On Tuesday, Australian Prime Minister Julia Gillard said she would use next month's annual conference of the ruling Labor Party to pursue a change in the organization's longstanding opposition to sales of domestically mined uranium to India, which possesses nuclear weapons outside the Nuclear Nonproliferation Treaty.
If party members agree to the change, Gillard's administration would allow uranium export negotiations with New Delhi to commence under the stipulation that the nuclear material be used solely for atomic energy production.
Pakistani nuclear physics professor Pervez Hoodbhoy said Gillard's announcement was "very disappointing, because it's well known that if India gets Australian uranium it will be able to divert a bigger fraction of domestically mined uranium for the production of fissile material used for making bombs."

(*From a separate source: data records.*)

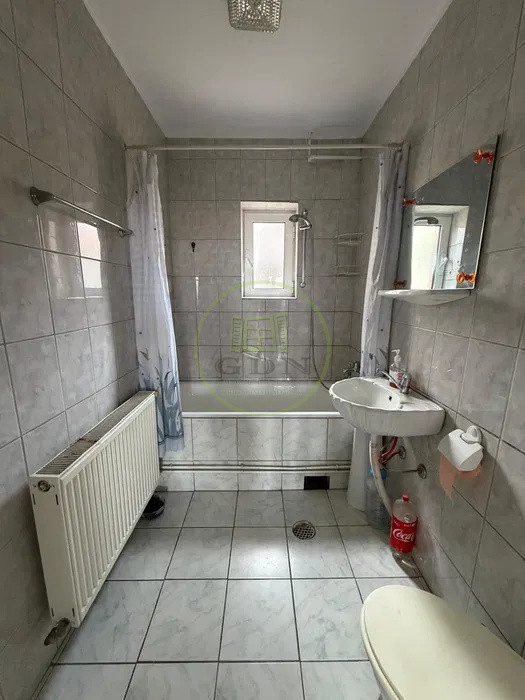 🏡 Casă 3 camere • Parter + Demisol înalt • Zona Trei Stejari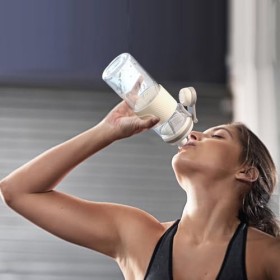 PZMLOASN Bouteille shaker pour mélanges protéinés - Pour boissons protéinées super crémeuses - 650 ml - Durable, étanche - Bl
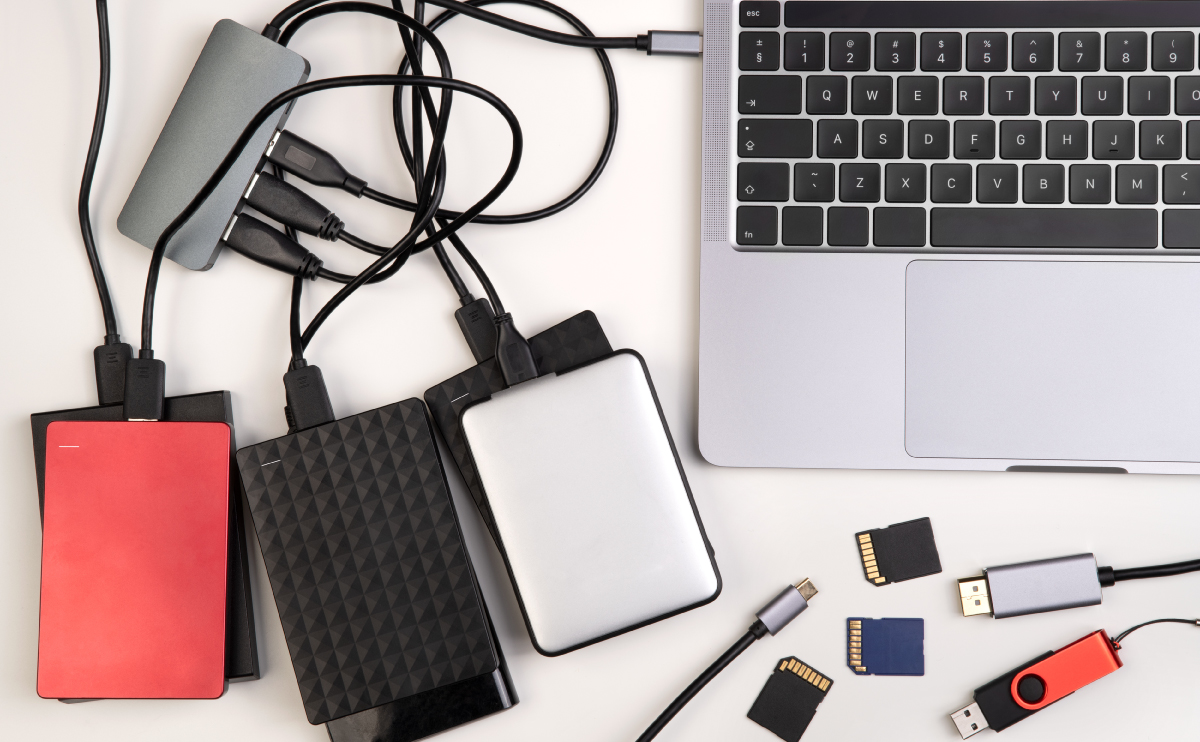 External Hard Drives or SSDs on USB Hubs: Working? (Depends)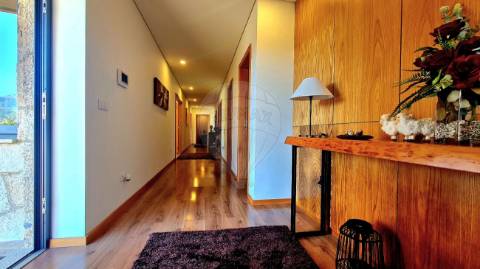 Moradia T4 para venda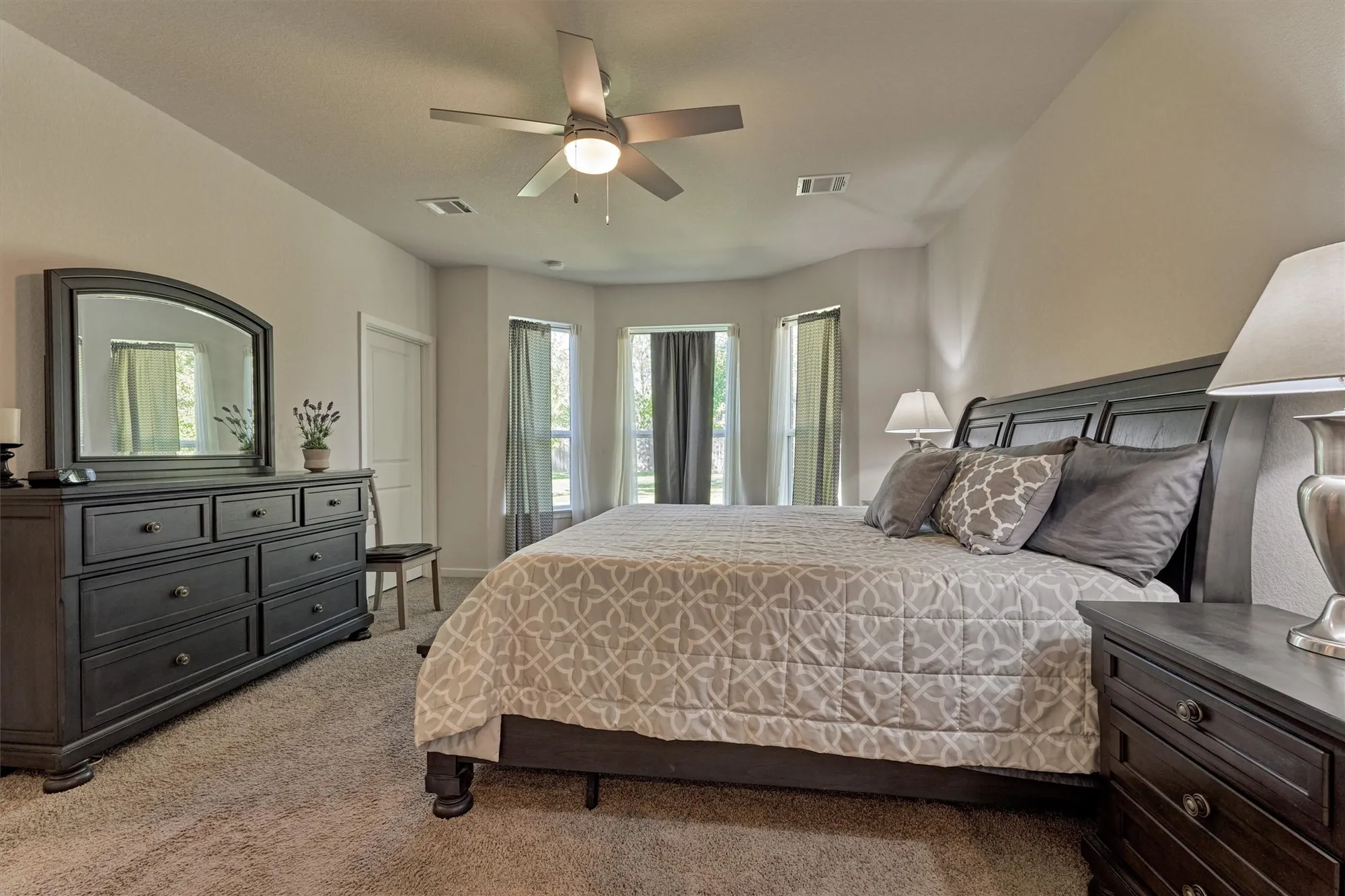 Property Slideshow image 21 of 41 | 332 n arrowhead ln, Montgomery, TX, 77316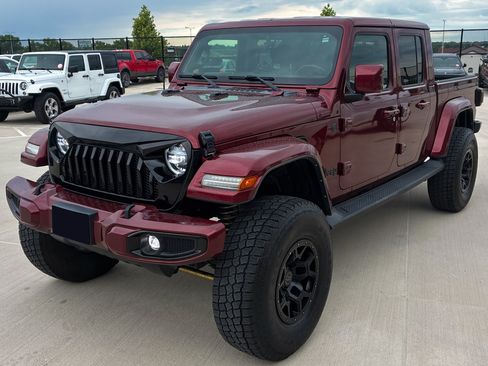 Used 2021 Jeep Gladiator Overland AWD/4WD image 2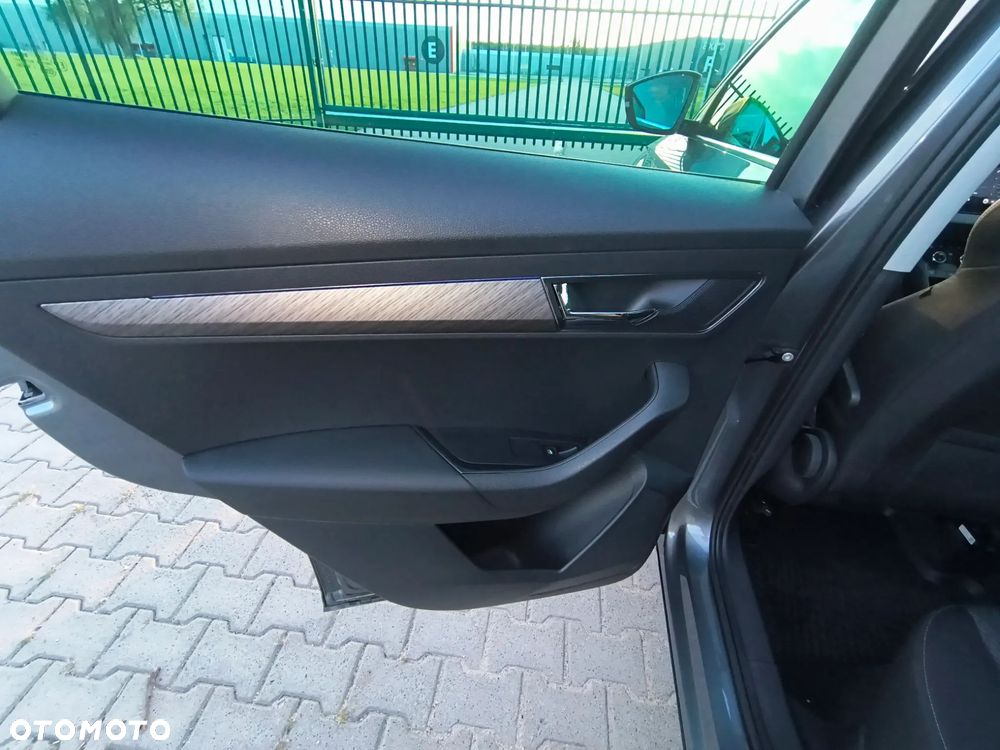 Skoda Karoq 1.5 TSI ACT 4x2 Style DSG - 15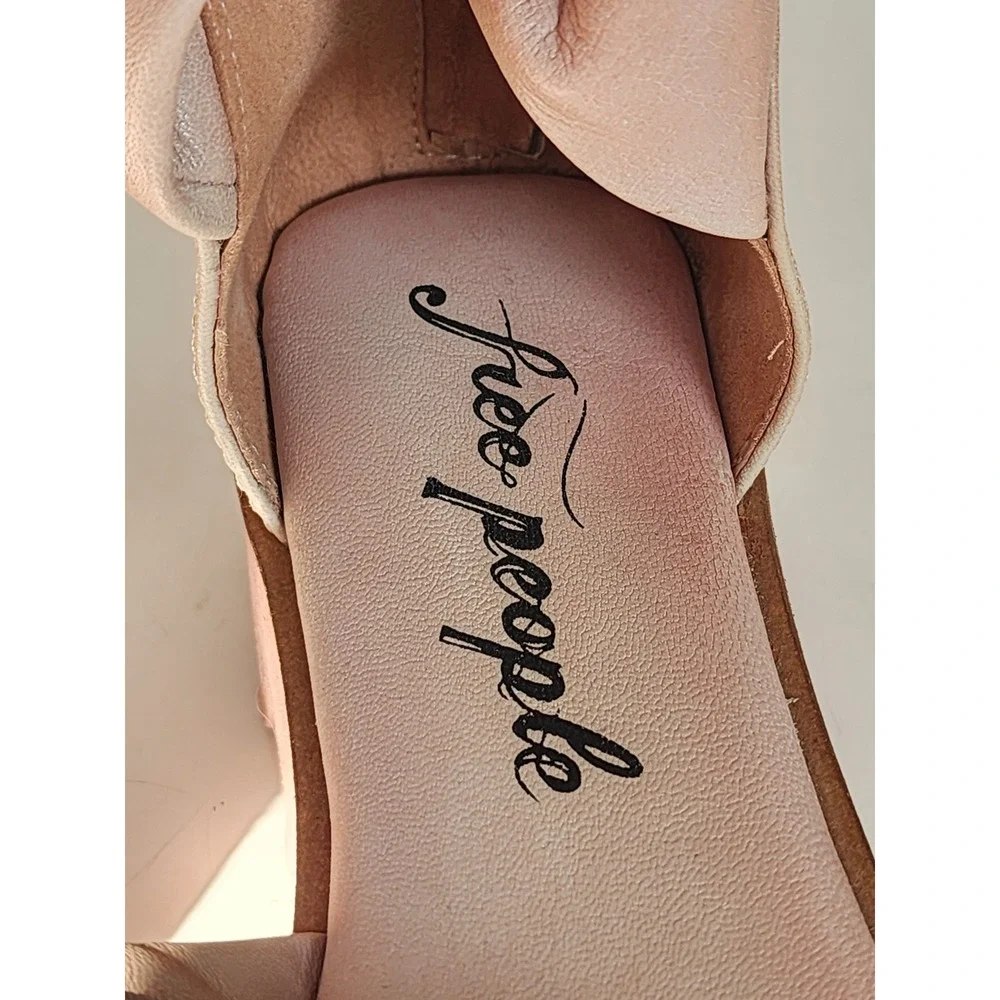 Free People Maddox Pink Leather Toe Ring Platform Lug Sole Sandals 0003627105 39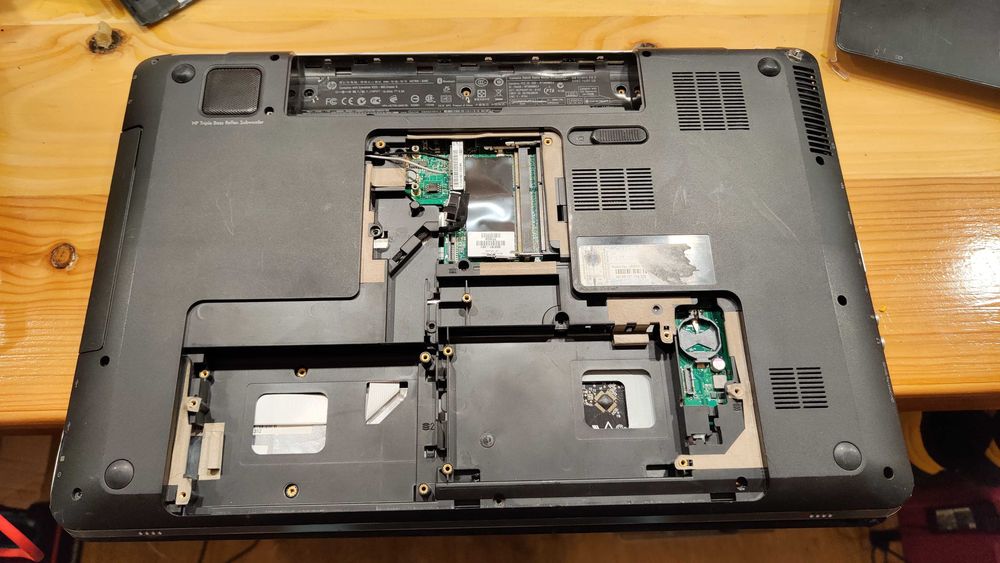 HP Pavilion DV7 - dużo części DA0LX6MB6H1 REV. H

"India's nuclear (weapons) program has been constrained by the lack of domestically mined uranium, and now (that) Australia is offering presumably unlimited quantities it can make more bombs faster. This is the point that's not going to be lost on Pakistan, and will be justification for those who want an increase in the nuclear inventory," Hoodbhoy said.
Indian experts rejected the notion that their country would seek to bolster its warhead inventory, arguing the state already possesses an adequately sized nuclear deterrent.
"Pakistan will certainly see this as a threat, and there will be those who see this as an excuse to accelerate the production of nuclear warheads," said Ajai Shani, who heads the Institute for Conflict Studies in India. "We have made it abundantly clear there will be no runaway nuclear weapons production, but Pakistan is currently expanding its nuclear arsenal faster than any other country on Earth" (Amanda Hodge, The Australian, Nov. 16).
Gillard emphasized that Canberra had no intention of selling uranium to other nuclear-armed nations that have not signed the NPT accord, such as Pakistan and Israel, Radio Free Europe/Radio Liberty reported on Tuesday.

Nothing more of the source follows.